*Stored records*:
------------
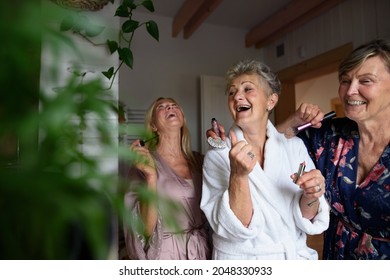 Happy Senior Women Friends In Bathrobes Having Fun Indoors At Home, Selfcare Concept.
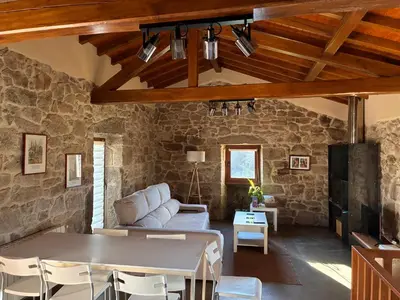 a living room with a couch and a table at Casa Rural Elvira Ribeira Sacra in Asma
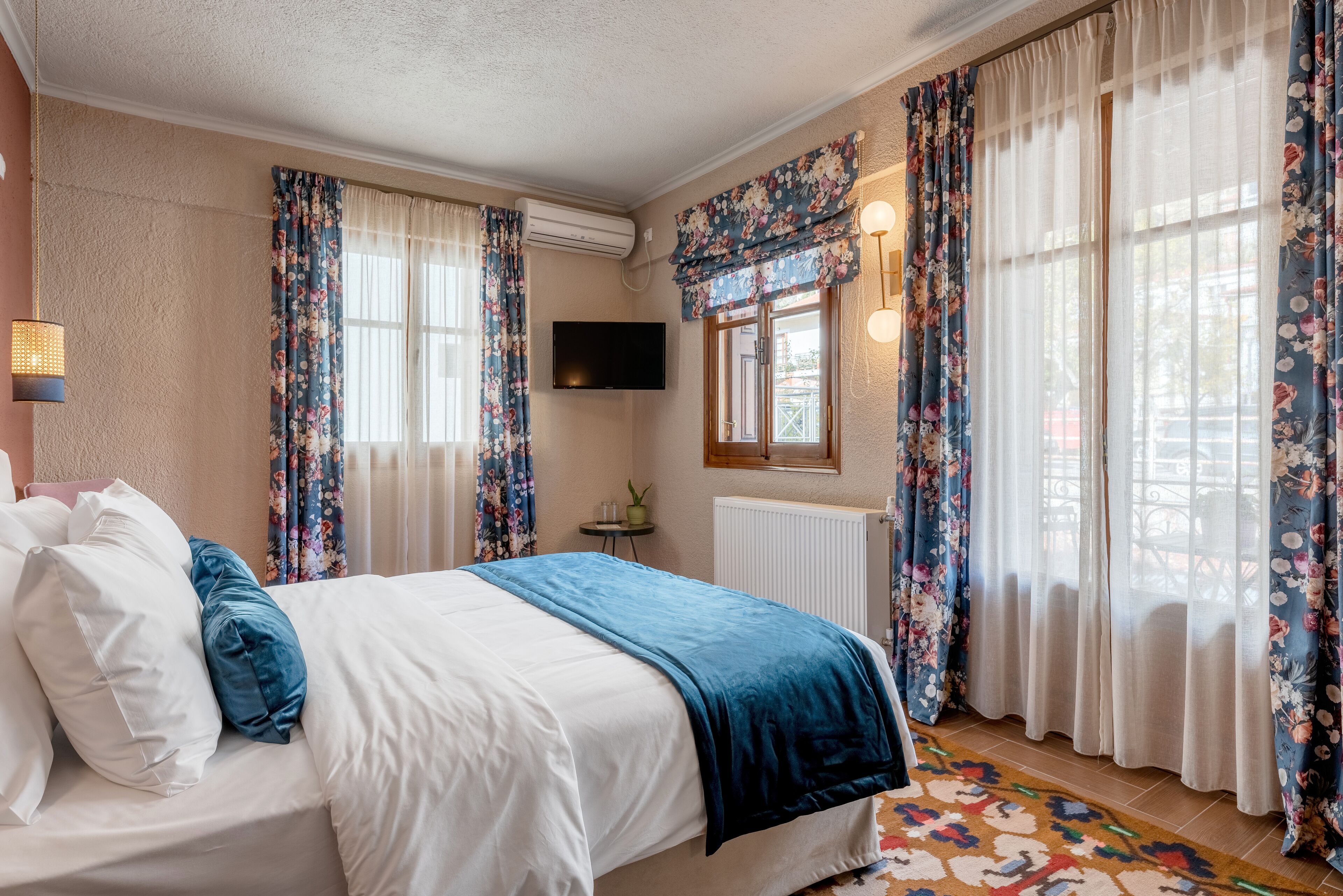 A bedroom with a bed, floral curtains, a TV, and a window with a view.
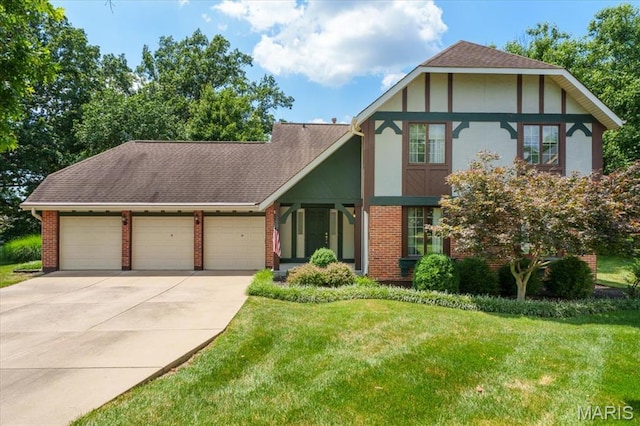 15693 Dresden Lake Ct, Chesterfield, MO 63017 - english style home featuring an attached garage, concrete driveway, a front yard, brick siding, and roof with shingles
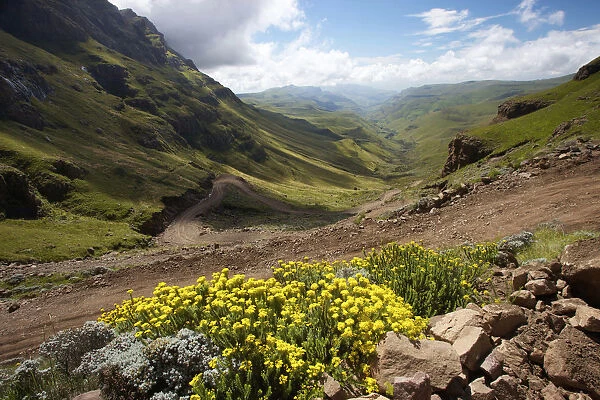 A scenic view of rolling hills of the Sani Pass, Drakensberg Park, KwaZulu-Natal, South Africa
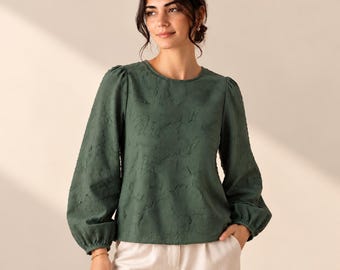 May include: A dark olive green long-sleeve blouse featuring a round neckline, gathered shoulders, and voluminous sleeves with fitted cuffs. The fabric has a subtle, raised, textured pattern throughout the entire garment.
------------
Leave the pictures behind and transcribe every record above exactly.

*Output below*:
 Happy Senior Women Friends In Bathrobes Having Fun Indoors At Home, Selfcare Concept.
 a living room with a couch and a table at Casa Rural Elvira Ribeira Sacra in Asma
 A bedroom with a bed, floral curtains, a TV, and a window with a view.
 15693 Dresden Lake Ct, Chesterfield, MO 63017 - english style home featuring an attached garage, concrete driveway, a front yard, brick siding, and roof with shingles
 A scenic view of rolling hills of the Sani Pass, Drakensberg Park, KwaZulu-Natal, South Africa
 May include: A dark olive green long-sleeve blouse featuring a round neckline, gathered shoulders, and voluminous sleeves with fitted cuffs. The fabric has a subtle, raised, textured pattern throughout the entire garment.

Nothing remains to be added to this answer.